Web page caption snippets:
···

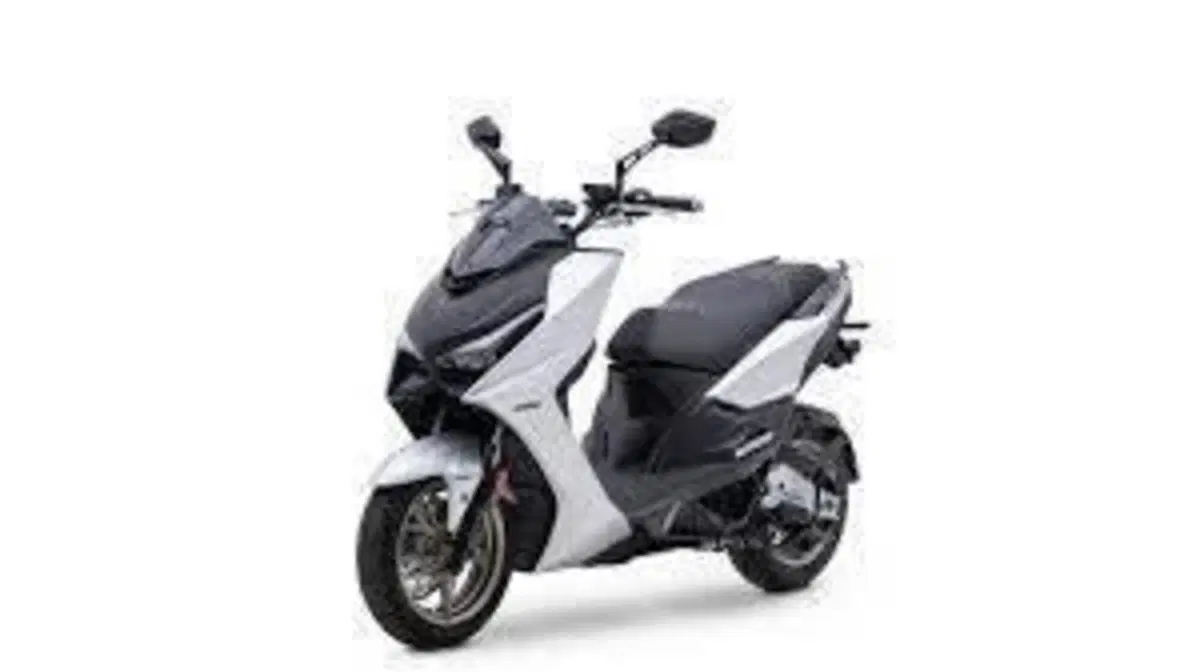 Kymco KRV 200 (2023 - 26) (3)
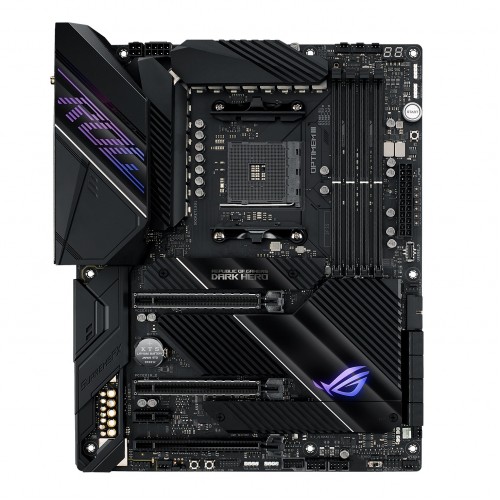 Asus ROG Crosshair VIII Dark Hero X570 Wi-Fi AM4 ATX Motherboard - Image 2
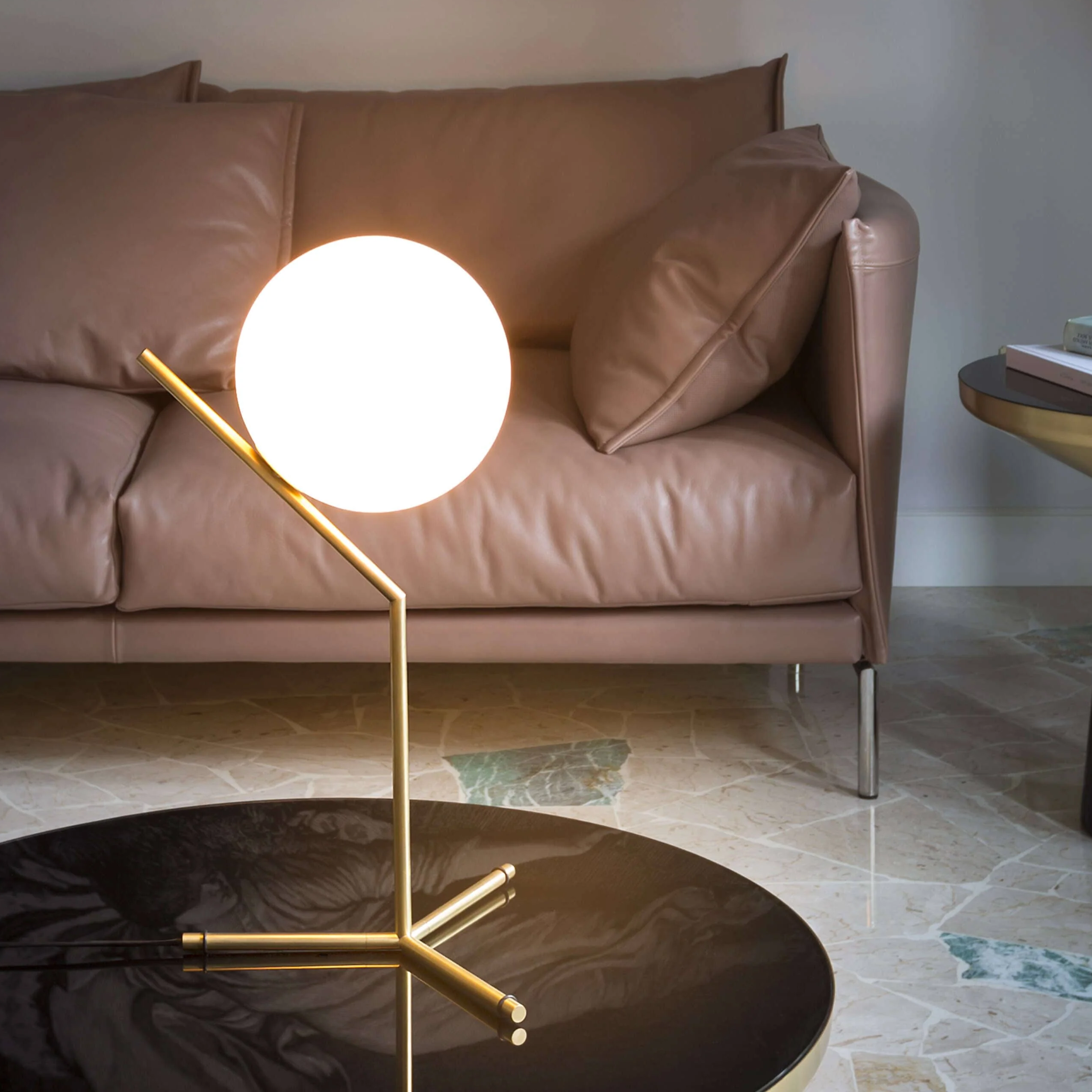 Moon Table Lamp 3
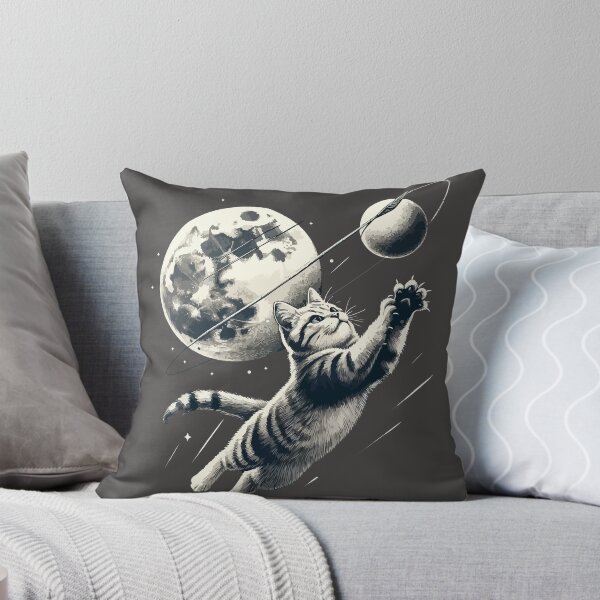 Item preview, Cat In Space designed and sold by Klaerika.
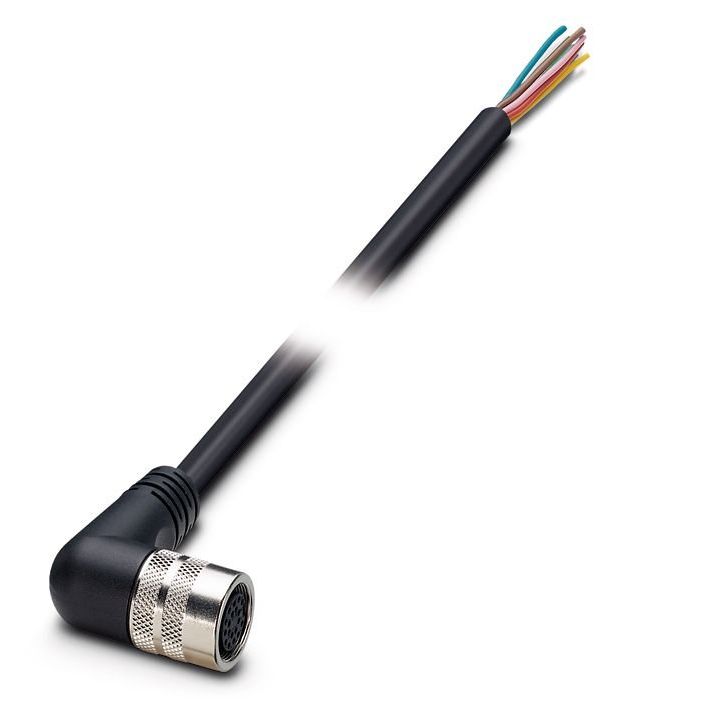 Lapp Zubehör - Konfektioniertes Sensor-Aktor-Kabel AB-C8-5,0PUR-M16FA 22260607
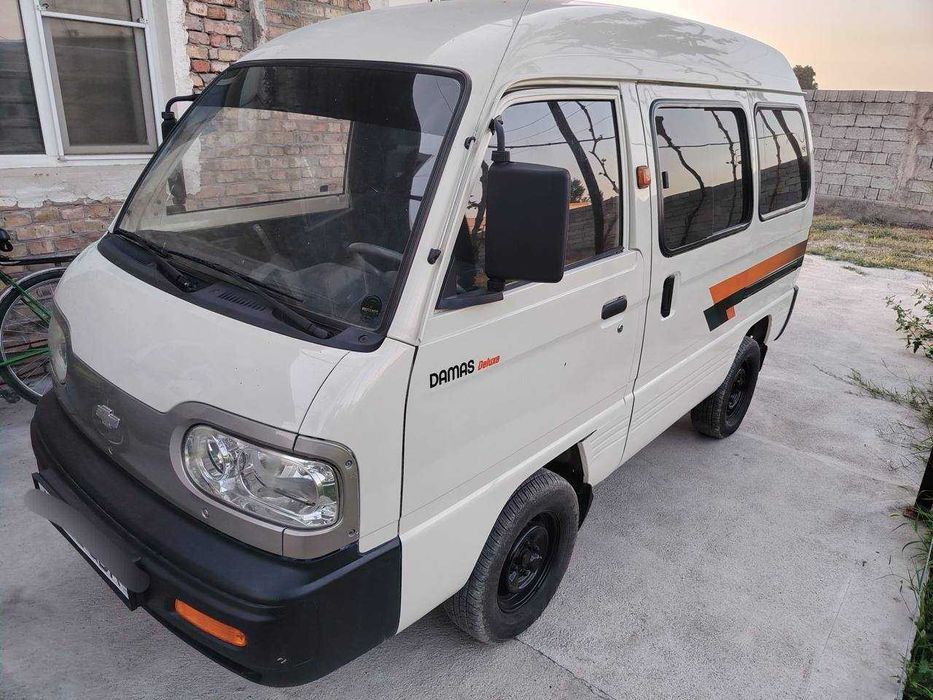 Продаётся Chevrolet Damas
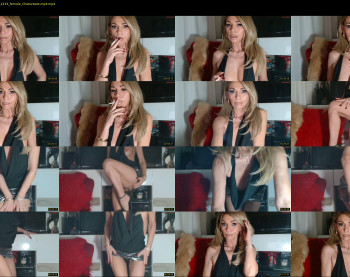 amanda0803 — 9 minute Chaturbate female cam show recording, 720p, Oct 13, 2025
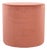 Remi Mauve Velvet Round Stool For Sale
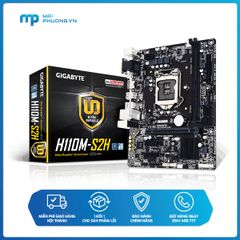 Bo mạch chủ Gigabyte Ga-H110M-S2H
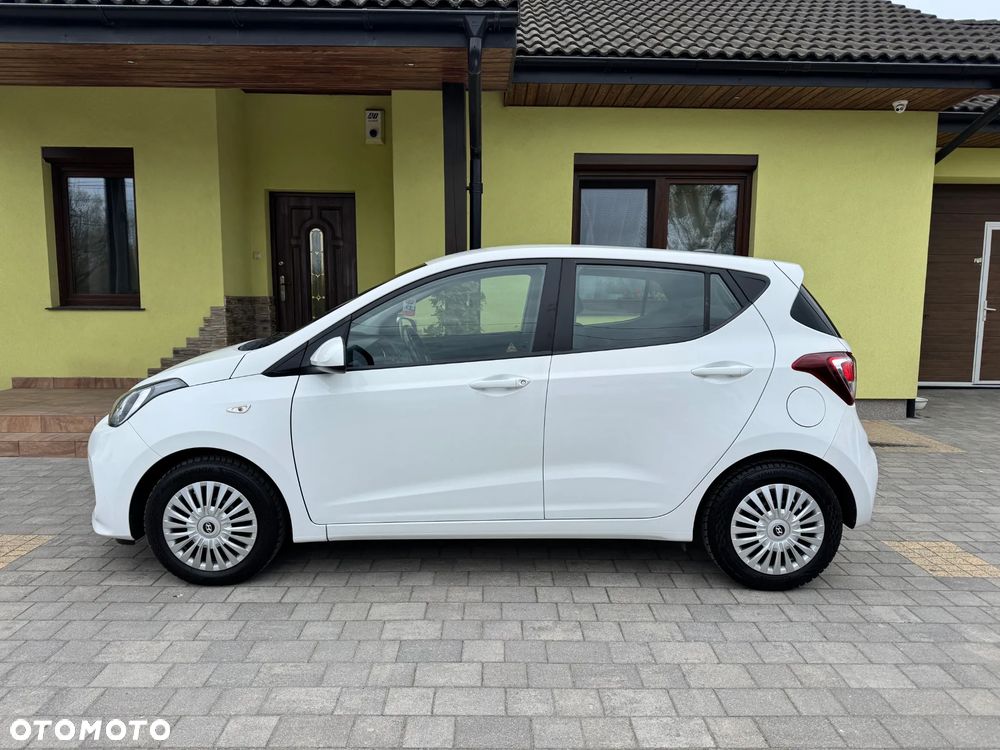 Hyundai i10 1.0 YES - 4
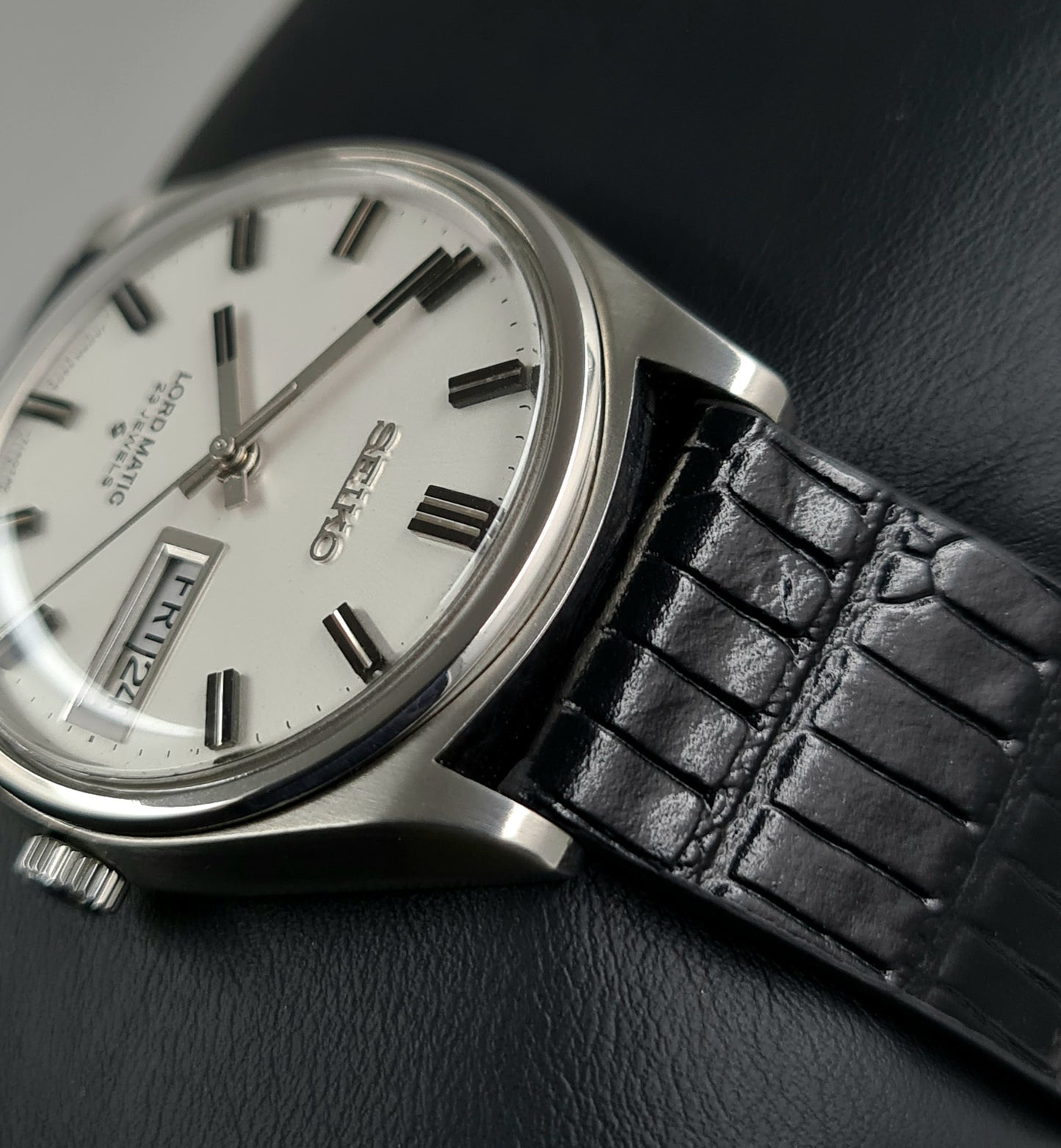 Seiko Lord Matic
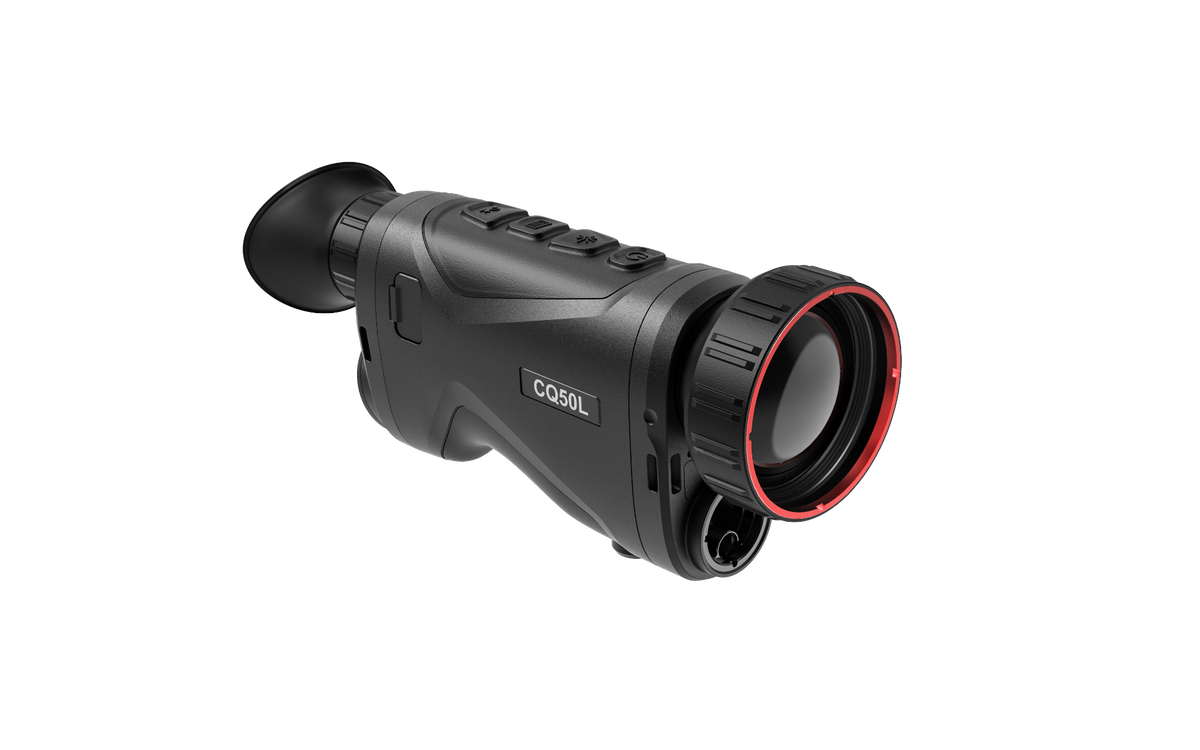 Hikmicro CONDOR CQ50LV2 thermische monoculair met laserafstandsmeter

···

* _Your task_
In transcribing the lines above, omit the images and keep all else exact.

* _The completed task_
 Kymco KRV 200 (2023 - 26) (3)
 Asus ROG Crosshair VIII Dark Hero X570 Wi-Fi AM4 ATX Motherboard - Image 2
 Moon Table Lamp 3
 Item preview, Cat In Space designed and sold by Klaerika.
 Lapp Zubehör - Konfektioniertes Sensor-Aktor-Kabel AB-C8-5,0PUR-M16FA 22260607
 Продаётся Chevrolet Damas
 amanda0803 — 9 minute Chaturbate female cam show recording, 720p, Oct 13, 2025
 Remi Mauve Velvet Round Stool For Sale
 Bo mạch chủ Gigabyte Ga-H110M-S2H
 Hyundai i10 1.0 YES - 4
 Seiko Lord Matic
 Hikmicro CONDOR CQ50LV2 thermische monoculair met laserafstandsmeter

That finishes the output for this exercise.